Every Moment, The New Life, But Only If We Work At It

Every Moment, The New Life, But Only If We Work At It April 17, 2012

“Abba Moses asked Abba Silvanus, ‘Can a man lay a new foundation every day?’ The old man said, ‘If he works hard, he can lay a new foundation at every moment.’”[1]

Most of us find ourselves attached to the past, to the time of the dead. We try to recreate the past, to raise up zombies while ignoring the life which lies before us today. Our ascetic struggles require us to move beyond the limitations of the past, from the habits of old, so that we can live today, in the present, without distraction. When we try to make the present meet the dead, to make it one with the dead, the dead prevent us from experiencing the kingdom of heaven, the ever-present, ever-new life. God is a God of the living, not the dead, and for this reason, Jesus said, “Behold, I make all things new” (Revelation 21:5 RSV). Every moment we can experience this newness of life, but for those of us attached to the past, to the habits of the past, this requires work. We must purify ourselves, to make ourselves open to the prompting of the Lord in our life instead of securing ourselves to the rigid patterns of the past. Sin constrains while the Spirit of Life frees. Our sins make us blindly follow the past.

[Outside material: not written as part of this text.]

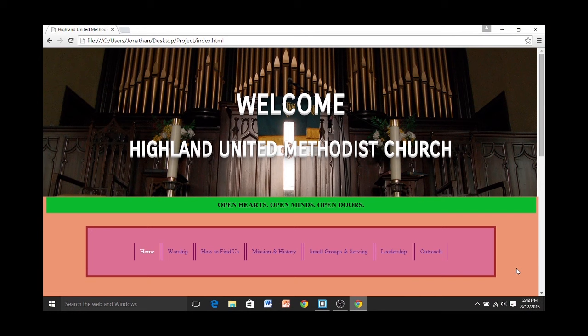Hello, my name is Jonathan Brown, and I completed the front end course with treehouse.com with Code Louisville. I made a website for my father's church. Won't you please have a look?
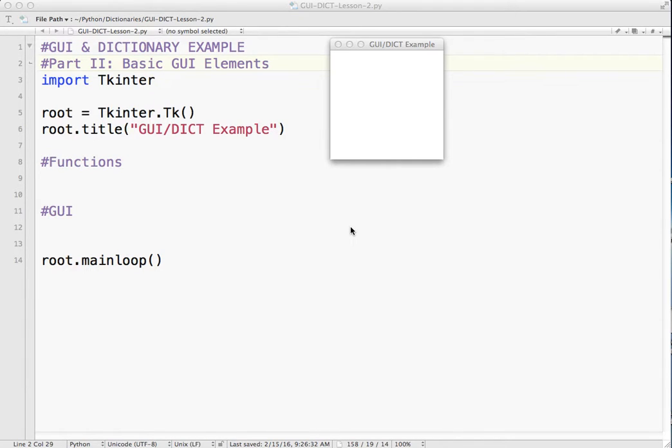Okay, welcome back to GUI Dictionary Lesson 2. In this one, we're going to actually start adding our GUI elements.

When we look to the past, and try to imitate it, this might sometimes lead us to do what is right – but this is out of ignorance. The pattern, the system which we try to recreate from the past prevents us from experiencing the fullness of God’s grace. We limit ourselves to what others had done instead of doing what we are called to do in the present. This means a good from the past becomes more than it should, and the good of the present is ignored. To live in the present, we can learn from the wisdom of the past, but we must make it alive today by freeing ourselves from the limitations of the past. This must not be understood as a rejection of the past. We come to the present because of the past. That which was alive in the past can be and should be made alive in the present.  But we do not live in the context of the past. We must cleanse ourselves of all thought-constructs which keep us locked down to what once was so that we can experience the real as it is, unencumbered by the skeletons of the dead while letting that which is alive be free in its life. Then we can find the continuity of eternity, bringing us one with the past, making it new and alive instead of making the present dead and constrained. It takes work, but it certainly can happen. At every moment of our life, we can let the dead of the past moment die off, creating and establishing ourselves anew, greater than before. Indeed, if we do not want to find ourselves dwelling in the city of the dead, this is what we must do.


[1] The Sayings of the Desert Fathers. Trans. Benedicta Ward (Kalamazoo, MI: Cistercian Publications, 1984), 224.